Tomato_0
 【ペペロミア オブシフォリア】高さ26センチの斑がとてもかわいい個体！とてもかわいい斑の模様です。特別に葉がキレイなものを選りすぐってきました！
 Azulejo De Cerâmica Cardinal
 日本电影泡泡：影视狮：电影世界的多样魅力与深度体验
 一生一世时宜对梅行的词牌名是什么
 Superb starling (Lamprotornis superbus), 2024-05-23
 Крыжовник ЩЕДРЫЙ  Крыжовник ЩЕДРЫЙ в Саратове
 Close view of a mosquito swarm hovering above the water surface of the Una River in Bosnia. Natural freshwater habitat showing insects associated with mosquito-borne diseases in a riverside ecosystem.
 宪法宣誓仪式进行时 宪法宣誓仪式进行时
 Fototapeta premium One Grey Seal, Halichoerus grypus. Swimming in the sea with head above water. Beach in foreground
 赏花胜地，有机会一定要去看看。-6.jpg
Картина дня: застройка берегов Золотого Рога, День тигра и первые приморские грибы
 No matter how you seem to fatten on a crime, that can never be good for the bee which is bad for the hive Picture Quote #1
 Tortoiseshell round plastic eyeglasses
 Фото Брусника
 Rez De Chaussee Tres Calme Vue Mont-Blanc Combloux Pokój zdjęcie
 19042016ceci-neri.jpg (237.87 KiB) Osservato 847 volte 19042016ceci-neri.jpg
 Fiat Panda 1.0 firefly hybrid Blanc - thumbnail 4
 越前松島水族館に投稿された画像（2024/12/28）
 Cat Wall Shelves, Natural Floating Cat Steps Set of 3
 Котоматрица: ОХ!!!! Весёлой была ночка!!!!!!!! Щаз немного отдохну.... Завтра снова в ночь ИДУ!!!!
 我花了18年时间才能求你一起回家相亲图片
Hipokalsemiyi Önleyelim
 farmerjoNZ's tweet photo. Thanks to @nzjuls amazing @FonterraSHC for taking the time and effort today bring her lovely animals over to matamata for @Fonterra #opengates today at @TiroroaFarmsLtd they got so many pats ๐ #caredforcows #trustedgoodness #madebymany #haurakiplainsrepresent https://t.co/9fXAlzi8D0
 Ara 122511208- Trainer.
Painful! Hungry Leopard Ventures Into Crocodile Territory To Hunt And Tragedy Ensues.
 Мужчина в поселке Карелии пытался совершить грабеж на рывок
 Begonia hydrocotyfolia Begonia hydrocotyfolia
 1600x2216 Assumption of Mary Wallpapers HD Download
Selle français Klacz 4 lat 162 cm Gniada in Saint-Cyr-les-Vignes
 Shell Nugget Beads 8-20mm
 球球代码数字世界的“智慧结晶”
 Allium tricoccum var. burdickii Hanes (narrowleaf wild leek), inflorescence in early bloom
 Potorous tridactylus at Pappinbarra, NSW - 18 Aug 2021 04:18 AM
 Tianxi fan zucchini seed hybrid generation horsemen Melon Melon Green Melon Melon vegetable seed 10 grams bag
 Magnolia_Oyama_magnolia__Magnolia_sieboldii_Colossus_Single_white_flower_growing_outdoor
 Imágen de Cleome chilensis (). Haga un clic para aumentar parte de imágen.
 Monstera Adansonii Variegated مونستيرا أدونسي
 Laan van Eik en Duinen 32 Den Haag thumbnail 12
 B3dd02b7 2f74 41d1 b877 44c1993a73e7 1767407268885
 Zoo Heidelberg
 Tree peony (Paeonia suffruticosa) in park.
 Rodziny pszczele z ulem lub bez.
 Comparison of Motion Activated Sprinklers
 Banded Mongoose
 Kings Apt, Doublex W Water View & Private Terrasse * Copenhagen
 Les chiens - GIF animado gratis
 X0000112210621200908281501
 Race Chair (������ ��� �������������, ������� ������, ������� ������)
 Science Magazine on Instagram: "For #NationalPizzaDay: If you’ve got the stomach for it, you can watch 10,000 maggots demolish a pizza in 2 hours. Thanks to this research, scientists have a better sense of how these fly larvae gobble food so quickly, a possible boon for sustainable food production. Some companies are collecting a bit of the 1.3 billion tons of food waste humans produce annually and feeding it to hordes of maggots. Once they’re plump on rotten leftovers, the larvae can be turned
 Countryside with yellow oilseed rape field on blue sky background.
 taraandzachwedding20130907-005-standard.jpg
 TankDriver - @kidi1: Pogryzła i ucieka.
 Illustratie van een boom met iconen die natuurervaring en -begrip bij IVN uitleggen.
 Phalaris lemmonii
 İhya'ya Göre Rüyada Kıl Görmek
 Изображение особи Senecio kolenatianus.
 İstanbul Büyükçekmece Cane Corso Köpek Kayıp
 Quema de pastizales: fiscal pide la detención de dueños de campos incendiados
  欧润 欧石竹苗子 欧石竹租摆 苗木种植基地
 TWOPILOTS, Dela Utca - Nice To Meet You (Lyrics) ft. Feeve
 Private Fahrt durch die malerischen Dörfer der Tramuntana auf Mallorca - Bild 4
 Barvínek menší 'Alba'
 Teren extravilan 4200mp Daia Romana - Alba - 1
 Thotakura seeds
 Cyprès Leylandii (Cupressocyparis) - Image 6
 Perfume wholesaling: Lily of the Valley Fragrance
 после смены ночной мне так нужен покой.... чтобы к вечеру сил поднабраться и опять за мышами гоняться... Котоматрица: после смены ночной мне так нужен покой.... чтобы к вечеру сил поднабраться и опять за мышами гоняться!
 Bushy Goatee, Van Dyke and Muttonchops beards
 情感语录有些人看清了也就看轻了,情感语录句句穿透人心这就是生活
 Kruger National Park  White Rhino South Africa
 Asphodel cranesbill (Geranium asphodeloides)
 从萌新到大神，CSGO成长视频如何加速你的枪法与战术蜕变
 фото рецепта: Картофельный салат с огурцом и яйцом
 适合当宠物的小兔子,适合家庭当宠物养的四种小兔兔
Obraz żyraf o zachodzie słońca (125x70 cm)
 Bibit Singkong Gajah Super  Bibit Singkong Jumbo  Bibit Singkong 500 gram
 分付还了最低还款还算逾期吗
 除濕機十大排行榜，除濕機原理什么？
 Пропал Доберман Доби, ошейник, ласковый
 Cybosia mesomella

GOAL OF THE EXERCISE: Which lines above run from the one containing "赏花胜地，有机会一定要去看看。-6.jpg" to the one containing "Rez De Chaussee"? Give them again exactly, both ends included.

SOLUTION FOR THIS EXERCISE:
 赏花胜地，有机会一定要去看看。-6.jpg
Картина дня: застройка берегов Золотого Рога, День тигра и первые приморские грибы
 No matter how you seem to fatten on a crime, that can never be good for the bee which is bad for the hive Picture Quote #1
 Tortoiseshell round plastic eyeglasses
 Фото Брусника
 Rez De Chaussee Tres Calme Vue Mont-Blanc Combloux Pokój zdjęcie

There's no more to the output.